La première compétence est de conduire des entretiens qui aident le 'coaché' sans se substituer à lui. Cela nécessite de maîtriser les outils de base de l'entretien comme les questionnements et les reformulations, et de développer une haute qualité d'écoute. Cette technique d'entretien vise plus à mettre au travail le 'coaché' sur la problématique qu'il apporte et sa manière de la poser, qu'à lui fournir des solutions. Un des principes fondamentaux du 'coaching' est que si le 'coaché' ne trouve pas de solutions, c'est qu'il pose mal son problème. Si le 'manager-facilitateur' se place dans l'impératif d'avoir à trouver des solutions, il ne permet pas à son 'coaché' de remettre en question sa manière de poser le problème. De plus, le 'manager-facilitateur' étant hiérarchique, l'entretien n'aura pas de valeur pédagogique ou d'apprentissage, mais se résumera à une transmission de consignes.

La seconde compétence indispensable au 'manager-facilitateur' et au 'mentor' est d'être capable d'avoir une approche systémique pour permettre au 'coaché' de compléter sa représentation des acteurs et des relations entre eux. Puis, de l'amener à élargir sa réflexion sur le contexte humain dans lequel prend lieu la situation évoquée, afin de l'aider à trouver des pistes d'actions possibles.
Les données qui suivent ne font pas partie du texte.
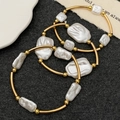 Set of three golden metal bracelets with white baroque pearls on a dark textured background - Gold Baroque Pearl Metal Tube Bracelet (Set of 3) (2953)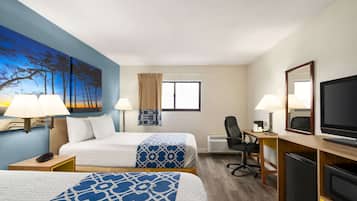 A hotel room with two beds, a desk with a computer, a TV, and a painting on the wall.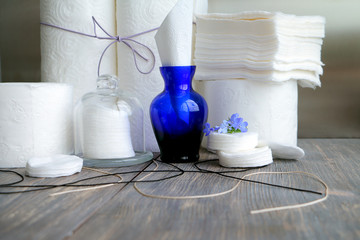 White kitchen paper towel, toilet paper, paper tissues ,cotton disks on a dark wooden table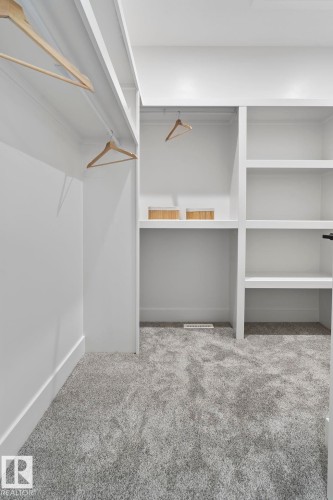 Custom closet system featuring multiple hanging rods and integrated shelving - 13152 187 Avenue, Edmonton, AB 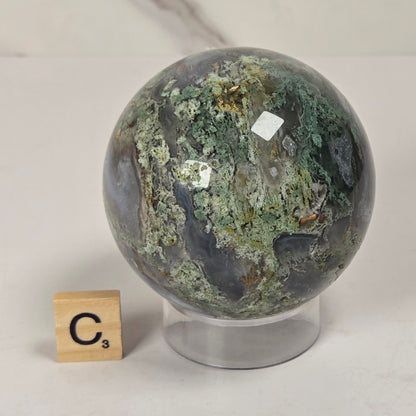 A polished natural stone sphere with mottled green, gray, and dark marbling, displayed on a clear stand next to a small wooden Scrabble tile showing the letter C.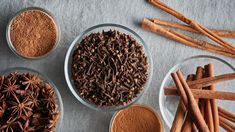 bowls filled with different types of spices on top of a gray cloth next to cinnamon sticks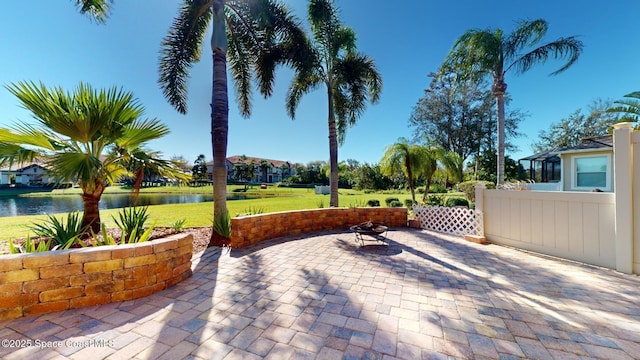 view of patio with a water view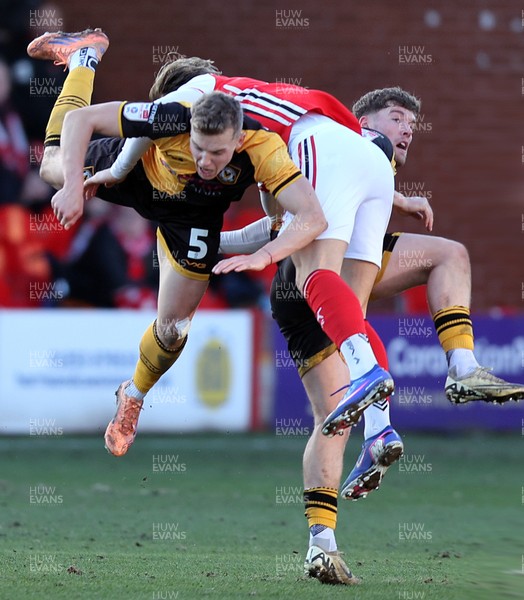 280226 - Fleetwood Town v Newport County - Sky Bet League 2 - Sven Sprangler of Newport and Will Davies of Fleetwood clash in the 2nd half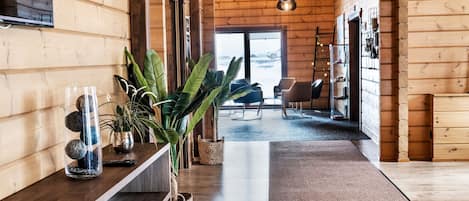 A wooden interior with a long hallway, a central plant, and a view to the outside.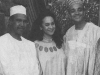 A grainy black and white photograph of Nuruddin Farah with his wife, Dr. Amina Mama, and Kwame Anthony Appiah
Pour que ces dispositifs amènent les 'managers' à progresser en apprenant de leurs pratiques, il est essentiel que ces entretiens de coaching soient conduits par des personnes ayant acquis ces compétences.

Cadre et objectifs du coaching ainsi repositionnés, permettent de mieux connaître les limites de ce que nous mettons en place. Ne soyons pas trop puristes, il serait dommage, pour des raisons linguistiques ou des débats d'écoles, de ne pas transposer auprès des managers et 'mentor' des compétences de coach tout à fait accessibles et très efficaces pour accompagner le développement de l'encadrement de l'entreprise. 'Manager-facilitateur' et 'mentor' sont essentiels pour favoriser le développement des compétences, la transmission de certaines 'bonnes pratiques' et la constitution des réseaux transversaux d'entraide interne. C'est un maillon essentiel au développement d'une entreprise apprenante.